MaskedLM.compile(optimizer="auto", loss="auto", weighted_metrics="auto", **kwargs)

Configures the MaskedLM task for training.

The MaskedLM task extends the default compilation signature of keras.Model.compile with defaults for optimizer, loss, and weighted_metrics. To override these defaults, pass any value to these arguments during compilation.

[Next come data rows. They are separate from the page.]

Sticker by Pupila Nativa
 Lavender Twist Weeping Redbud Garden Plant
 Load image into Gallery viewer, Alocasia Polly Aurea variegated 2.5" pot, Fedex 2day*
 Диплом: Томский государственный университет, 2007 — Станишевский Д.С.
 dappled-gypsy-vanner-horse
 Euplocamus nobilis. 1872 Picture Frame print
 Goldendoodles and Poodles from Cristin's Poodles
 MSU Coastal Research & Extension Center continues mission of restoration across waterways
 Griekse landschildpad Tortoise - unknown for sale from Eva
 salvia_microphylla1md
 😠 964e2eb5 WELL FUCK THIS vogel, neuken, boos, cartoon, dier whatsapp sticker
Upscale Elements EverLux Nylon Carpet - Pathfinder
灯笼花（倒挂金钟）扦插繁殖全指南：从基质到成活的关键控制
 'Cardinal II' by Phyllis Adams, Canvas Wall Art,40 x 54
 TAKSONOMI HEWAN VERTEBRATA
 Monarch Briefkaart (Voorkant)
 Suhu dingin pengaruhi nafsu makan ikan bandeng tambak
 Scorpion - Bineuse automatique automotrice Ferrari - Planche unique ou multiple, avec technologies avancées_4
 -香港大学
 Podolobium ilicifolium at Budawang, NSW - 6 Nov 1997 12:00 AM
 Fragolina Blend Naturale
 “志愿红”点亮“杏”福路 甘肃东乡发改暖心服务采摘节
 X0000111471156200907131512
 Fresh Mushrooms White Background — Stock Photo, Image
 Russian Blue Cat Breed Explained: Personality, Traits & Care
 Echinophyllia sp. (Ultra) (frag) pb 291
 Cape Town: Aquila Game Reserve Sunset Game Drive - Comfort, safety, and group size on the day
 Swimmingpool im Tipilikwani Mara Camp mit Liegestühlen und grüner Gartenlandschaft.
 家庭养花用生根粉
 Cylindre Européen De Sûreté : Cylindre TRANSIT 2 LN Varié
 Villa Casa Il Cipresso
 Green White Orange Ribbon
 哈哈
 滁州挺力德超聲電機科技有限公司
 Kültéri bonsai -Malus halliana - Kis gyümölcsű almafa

Note that because training inputs include padded tokens which are excluded from the loss, it is almost always a good idea to compile with weighted_metrics and not metrics.

Arguments

optimizer: "auto", an optimizer name, or a keras.Optimizer instance. Defaults to "auto", which uses the default optimizer for the given model and task. See keras.Model.compile and keras.optimizers for more info on possible optimizer values.
loss: "auto", a loss name, or a keras.losses.Loss instance. Defaults to "auto", where a keras.losses.SparseCategoricalCrossentropy loss will be applied for the token classification MaskedLM task. See keras.Model.compile and keras.losses for more info on possible loss values.
weighted_metrics: "auto", or a list of metrics to be evaluated by the model during training and testing. Defaults to "auto", where a keras.metrics.SparseCategoricalAccuracy will be applied to track the accuracy of the model at guessing masked token values. See keras.Model.compile and keras.metrics for more info on possible weighted_metrics values.
**kwargs: See keras.Model.compile for a full list of arguments supported by the compile method.

[source]

`save_to_preset` method

MaskedLM.save_to_preset(preset_dir, max_shard_size=10)

Save task to a preset directory.

Arguments

preset_dir: The path to the local model preset directory.
max_shard_size: int or float. Maximum size in GB for each sharded file. If None, no sharding will be done. Defaults to 10.